**Work task**
Only one span of the listing below should come back. It runs from the line with "Keep Calm Have a Spa Day Drawstring Backpack" through the line with "Charger Kit Micro", and each of its lines must be reproduced exactly.

**Data records**

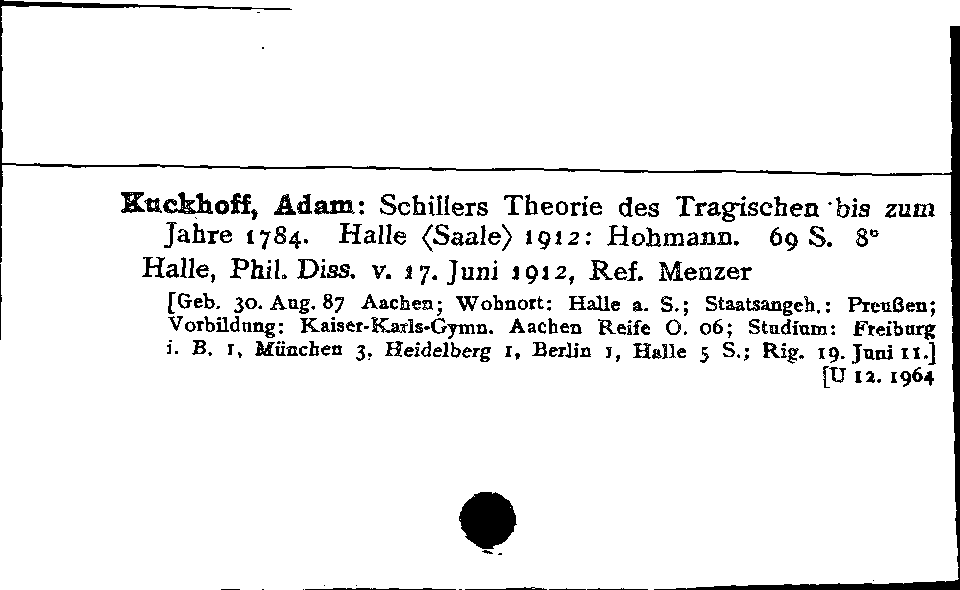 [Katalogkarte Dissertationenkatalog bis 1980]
* * *
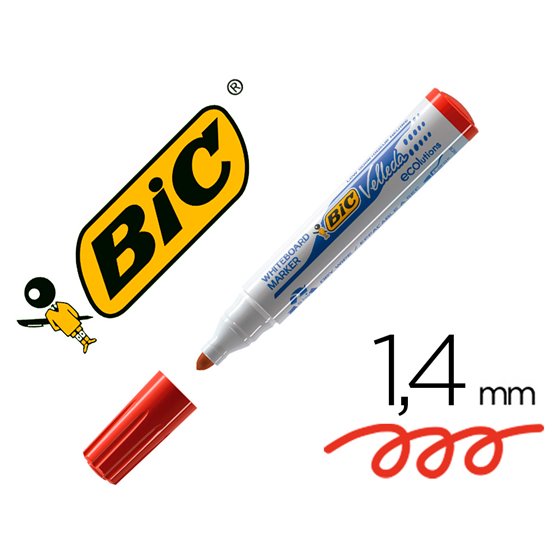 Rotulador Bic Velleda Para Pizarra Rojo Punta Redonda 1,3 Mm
...
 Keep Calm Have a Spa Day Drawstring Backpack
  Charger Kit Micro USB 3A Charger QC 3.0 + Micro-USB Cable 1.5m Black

**Task response**
 Keep Calm Have a Spa Day Drawstring Backpack
  Charger Kit Micro USB 3A Charger QC 3.0 + Micro-USB Cable 1.5m Black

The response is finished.